Exercise objective - Below are some records. Print exactly the lines between the one holding "Personalized Black and" and the one holding "Girl drinking coffee", inclusive, and nothing else.

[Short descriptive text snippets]
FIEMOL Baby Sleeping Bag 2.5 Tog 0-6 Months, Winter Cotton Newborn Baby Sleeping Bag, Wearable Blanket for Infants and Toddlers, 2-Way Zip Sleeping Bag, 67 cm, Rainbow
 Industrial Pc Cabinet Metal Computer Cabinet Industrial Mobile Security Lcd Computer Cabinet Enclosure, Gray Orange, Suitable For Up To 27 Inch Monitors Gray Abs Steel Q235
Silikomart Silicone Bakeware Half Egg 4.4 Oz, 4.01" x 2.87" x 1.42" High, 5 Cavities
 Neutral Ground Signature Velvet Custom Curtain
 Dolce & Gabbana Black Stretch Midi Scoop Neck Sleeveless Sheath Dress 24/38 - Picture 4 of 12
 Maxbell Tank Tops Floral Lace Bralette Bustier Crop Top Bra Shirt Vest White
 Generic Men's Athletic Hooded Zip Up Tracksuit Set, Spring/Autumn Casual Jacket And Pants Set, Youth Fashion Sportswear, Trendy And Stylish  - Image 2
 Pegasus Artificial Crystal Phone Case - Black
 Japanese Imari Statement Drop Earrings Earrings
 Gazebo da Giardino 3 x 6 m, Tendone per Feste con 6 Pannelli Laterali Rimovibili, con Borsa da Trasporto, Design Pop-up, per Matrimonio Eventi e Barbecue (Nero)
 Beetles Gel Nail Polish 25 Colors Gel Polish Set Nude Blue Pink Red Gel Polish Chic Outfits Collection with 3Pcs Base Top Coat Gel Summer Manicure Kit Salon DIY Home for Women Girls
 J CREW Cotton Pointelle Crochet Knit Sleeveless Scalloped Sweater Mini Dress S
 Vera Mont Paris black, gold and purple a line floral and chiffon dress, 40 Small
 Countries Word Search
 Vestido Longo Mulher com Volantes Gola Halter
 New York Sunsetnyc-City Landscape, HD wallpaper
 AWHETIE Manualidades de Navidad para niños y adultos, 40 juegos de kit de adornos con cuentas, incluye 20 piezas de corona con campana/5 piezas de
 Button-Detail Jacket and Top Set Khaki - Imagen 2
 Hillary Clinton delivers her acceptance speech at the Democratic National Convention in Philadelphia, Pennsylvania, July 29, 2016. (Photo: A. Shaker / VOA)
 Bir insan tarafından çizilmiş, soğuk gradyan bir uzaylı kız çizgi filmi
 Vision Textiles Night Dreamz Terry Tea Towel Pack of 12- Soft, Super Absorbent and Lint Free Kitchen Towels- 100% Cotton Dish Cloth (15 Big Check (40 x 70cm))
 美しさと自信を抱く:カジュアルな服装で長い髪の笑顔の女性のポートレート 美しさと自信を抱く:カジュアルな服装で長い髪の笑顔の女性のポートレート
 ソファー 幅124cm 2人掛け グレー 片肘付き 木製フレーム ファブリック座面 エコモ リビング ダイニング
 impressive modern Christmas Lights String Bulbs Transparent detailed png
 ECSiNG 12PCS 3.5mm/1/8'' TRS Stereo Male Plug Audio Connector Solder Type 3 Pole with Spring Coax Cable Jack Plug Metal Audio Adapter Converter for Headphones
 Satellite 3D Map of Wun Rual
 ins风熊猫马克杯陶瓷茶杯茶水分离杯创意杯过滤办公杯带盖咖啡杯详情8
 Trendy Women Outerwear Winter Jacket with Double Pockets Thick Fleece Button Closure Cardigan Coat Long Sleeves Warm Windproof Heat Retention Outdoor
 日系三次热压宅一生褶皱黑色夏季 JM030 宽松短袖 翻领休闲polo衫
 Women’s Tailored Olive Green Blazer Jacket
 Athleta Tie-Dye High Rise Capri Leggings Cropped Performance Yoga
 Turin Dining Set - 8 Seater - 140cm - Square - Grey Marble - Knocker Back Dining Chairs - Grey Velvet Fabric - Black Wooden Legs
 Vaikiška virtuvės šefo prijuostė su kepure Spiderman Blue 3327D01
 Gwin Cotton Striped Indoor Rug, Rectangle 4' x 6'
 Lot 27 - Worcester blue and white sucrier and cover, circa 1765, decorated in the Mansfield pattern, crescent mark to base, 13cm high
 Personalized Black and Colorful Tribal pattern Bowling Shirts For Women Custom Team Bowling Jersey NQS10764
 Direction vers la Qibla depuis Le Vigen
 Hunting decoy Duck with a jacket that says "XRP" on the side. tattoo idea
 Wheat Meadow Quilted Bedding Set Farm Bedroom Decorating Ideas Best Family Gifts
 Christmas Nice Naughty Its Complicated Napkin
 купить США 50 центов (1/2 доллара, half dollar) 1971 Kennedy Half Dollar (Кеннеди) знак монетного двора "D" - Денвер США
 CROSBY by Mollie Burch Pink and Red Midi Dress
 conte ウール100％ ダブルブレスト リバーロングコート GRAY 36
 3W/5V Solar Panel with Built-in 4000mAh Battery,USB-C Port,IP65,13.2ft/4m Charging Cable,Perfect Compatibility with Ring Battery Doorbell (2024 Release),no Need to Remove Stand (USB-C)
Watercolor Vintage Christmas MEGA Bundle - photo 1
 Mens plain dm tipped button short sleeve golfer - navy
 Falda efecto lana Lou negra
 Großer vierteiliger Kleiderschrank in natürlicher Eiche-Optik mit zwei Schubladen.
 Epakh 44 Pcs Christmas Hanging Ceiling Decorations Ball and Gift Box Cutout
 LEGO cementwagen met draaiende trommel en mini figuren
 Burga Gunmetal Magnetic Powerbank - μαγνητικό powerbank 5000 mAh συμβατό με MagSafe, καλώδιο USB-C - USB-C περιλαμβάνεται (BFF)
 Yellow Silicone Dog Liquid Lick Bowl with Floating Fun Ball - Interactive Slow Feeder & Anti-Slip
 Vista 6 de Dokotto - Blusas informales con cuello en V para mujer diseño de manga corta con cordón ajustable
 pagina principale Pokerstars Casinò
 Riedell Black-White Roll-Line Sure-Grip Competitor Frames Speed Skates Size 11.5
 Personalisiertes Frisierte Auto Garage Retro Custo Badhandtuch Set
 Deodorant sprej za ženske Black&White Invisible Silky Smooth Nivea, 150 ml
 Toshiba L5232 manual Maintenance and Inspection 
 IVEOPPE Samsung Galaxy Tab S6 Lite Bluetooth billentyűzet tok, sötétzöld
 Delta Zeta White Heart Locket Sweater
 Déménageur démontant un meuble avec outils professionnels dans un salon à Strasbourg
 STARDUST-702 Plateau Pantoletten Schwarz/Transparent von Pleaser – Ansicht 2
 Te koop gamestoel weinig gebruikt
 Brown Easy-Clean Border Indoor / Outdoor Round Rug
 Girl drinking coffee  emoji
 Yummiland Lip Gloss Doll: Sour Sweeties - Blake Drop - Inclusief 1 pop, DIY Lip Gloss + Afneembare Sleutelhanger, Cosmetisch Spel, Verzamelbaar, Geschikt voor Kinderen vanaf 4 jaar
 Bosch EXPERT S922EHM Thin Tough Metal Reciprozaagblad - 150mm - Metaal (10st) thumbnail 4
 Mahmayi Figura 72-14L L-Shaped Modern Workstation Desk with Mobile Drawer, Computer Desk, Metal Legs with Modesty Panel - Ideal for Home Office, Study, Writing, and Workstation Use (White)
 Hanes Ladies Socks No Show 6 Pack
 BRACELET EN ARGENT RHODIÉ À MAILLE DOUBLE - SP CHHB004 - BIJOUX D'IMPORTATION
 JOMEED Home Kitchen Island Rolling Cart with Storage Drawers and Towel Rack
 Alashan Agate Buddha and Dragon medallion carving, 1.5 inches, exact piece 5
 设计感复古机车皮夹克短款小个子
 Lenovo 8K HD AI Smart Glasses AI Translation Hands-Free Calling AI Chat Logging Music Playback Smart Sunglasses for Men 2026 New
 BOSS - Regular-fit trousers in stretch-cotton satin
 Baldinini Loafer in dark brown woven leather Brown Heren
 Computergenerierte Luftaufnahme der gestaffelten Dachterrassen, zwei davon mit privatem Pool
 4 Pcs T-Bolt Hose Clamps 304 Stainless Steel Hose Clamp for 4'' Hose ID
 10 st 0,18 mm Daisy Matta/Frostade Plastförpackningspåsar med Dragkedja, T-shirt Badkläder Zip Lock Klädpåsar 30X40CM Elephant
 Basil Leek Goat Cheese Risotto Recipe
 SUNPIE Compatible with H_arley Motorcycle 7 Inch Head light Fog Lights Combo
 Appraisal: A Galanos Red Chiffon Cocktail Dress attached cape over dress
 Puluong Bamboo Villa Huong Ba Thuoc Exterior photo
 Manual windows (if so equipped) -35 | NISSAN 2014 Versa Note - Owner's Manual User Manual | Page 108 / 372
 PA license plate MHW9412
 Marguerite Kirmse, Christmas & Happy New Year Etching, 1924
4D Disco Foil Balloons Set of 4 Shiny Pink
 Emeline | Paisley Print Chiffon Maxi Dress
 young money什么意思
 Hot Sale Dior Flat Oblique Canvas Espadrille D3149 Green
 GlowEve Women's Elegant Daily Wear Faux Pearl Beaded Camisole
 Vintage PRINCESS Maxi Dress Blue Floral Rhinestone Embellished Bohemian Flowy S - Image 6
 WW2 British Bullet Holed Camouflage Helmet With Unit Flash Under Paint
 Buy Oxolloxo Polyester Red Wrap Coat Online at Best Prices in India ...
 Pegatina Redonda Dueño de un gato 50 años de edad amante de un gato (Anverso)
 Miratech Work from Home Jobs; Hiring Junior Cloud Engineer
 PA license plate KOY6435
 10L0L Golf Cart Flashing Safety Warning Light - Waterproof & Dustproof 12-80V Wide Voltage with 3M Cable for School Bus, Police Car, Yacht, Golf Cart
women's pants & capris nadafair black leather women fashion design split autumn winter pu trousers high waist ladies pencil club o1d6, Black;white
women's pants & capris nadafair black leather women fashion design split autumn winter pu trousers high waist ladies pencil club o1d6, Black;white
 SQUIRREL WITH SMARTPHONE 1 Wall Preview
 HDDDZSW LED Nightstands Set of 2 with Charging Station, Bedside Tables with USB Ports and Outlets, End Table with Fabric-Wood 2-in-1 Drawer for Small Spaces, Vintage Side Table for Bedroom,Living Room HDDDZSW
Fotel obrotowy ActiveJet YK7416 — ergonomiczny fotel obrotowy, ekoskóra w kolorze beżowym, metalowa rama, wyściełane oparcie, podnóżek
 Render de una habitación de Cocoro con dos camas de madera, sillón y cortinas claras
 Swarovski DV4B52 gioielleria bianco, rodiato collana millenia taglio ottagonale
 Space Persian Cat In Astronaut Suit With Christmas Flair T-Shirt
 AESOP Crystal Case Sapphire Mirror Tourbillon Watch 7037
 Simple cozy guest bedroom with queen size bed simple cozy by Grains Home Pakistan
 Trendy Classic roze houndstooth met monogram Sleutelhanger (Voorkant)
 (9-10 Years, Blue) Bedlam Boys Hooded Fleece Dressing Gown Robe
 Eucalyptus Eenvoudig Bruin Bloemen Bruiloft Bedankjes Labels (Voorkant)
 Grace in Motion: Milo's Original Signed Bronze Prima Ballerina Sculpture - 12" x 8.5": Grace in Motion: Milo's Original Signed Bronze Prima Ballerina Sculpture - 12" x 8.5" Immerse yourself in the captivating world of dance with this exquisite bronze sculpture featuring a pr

Output for this task -
 Personalized Black and Colorful Tribal pattern Bowling Shirts For Women Custom Team Bowling Jersey NQS10764
 Direction vers la Qibla depuis Le Vigen
 Hunting decoy Duck with a jacket that says "XRP" on the side. tattoo idea
 Wheat Meadow Quilted Bedding Set Farm Bedroom Decorating Ideas Best Family Gifts
 Christmas Nice Naughty Its Complicated Napkin
 купить США 50 центов (1/2 доллара, half dollar) 1971 Kennedy Half Dollar (Кеннеди) знак монетного двора "D" - Денвер США
 CROSBY by Mollie Burch Pink and Red Midi Dress
 conte ウール100％ ダブルブレスト リバーロングコート GRAY 36
 3W/5V Solar Panel with Built-in 4000mAh Battery,USB-C Port,IP65,13.2ft/4m Charging Cable,Perfect Compatibility with Ring Battery Doorbell (2024 Release),no Need to Remove Stand (USB-C)
Watercolor Vintage Christmas MEGA Bundle - photo 1
 Mens plain dm tipped button short sleeve golfer - navy
 Falda efecto lana Lou negra
 Großer vierteiliger Kleiderschrank in natürlicher Eiche-Optik mit zwei Schubladen.
 Epakh 44 Pcs Christmas Hanging Ceiling Decorations Ball and Gift Box Cutout
 LEGO cementwagen met draaiende trommel en mini figuren
 Burga Gunmetal Magnetic Powerbank - μαγνητικό powerbank 5000 mAh συμβατό με MagSafe, καλώδιο USB-C - USB-C περιλαμβάνεται (BFF)
 Yellow Silicone Dog Liquid Lick Bowl with Floating Fun Ball - Interactive Slow Feeder & Anti-Slip
 Vista 6 de Dokotto - Blusas informales con cuello en V para mujer diseño de manga corta con cordón ajustable
 pagina principale Pokerstars Casinò
 Riedell Black-White Roll-Line Sure-Grip Competitor Frames Speed Skates Size 11.5
 Personalisiertes Frisierte Auto Garage Retro Custo Badhandtuch Set
 Deodorant sprej za ženske Black&White Invisible Silky Smooth Nivea, 150 ml
 Toshiba L5232 manual Maintenance and Inspection 
 IVEOPPE Samsung Galaxy Tab S6 Lite Bluetooth billentyűzet tok, sötétzöld
 Delta Zeta White Heart Locket Sweater
 Déménageur démontant un meuble avec outils professionnels dans un salon à Strasbourg
 STARDUST-702 Plateau Pantoletten Schwarz/Transparent von Pleaser – Ansicht 2
 Te koop gamestoel weinig gebruikt
 Brown Easy-Clean Border Indoor / Outdoor Round Rug
 Girl drinking coffee  emoji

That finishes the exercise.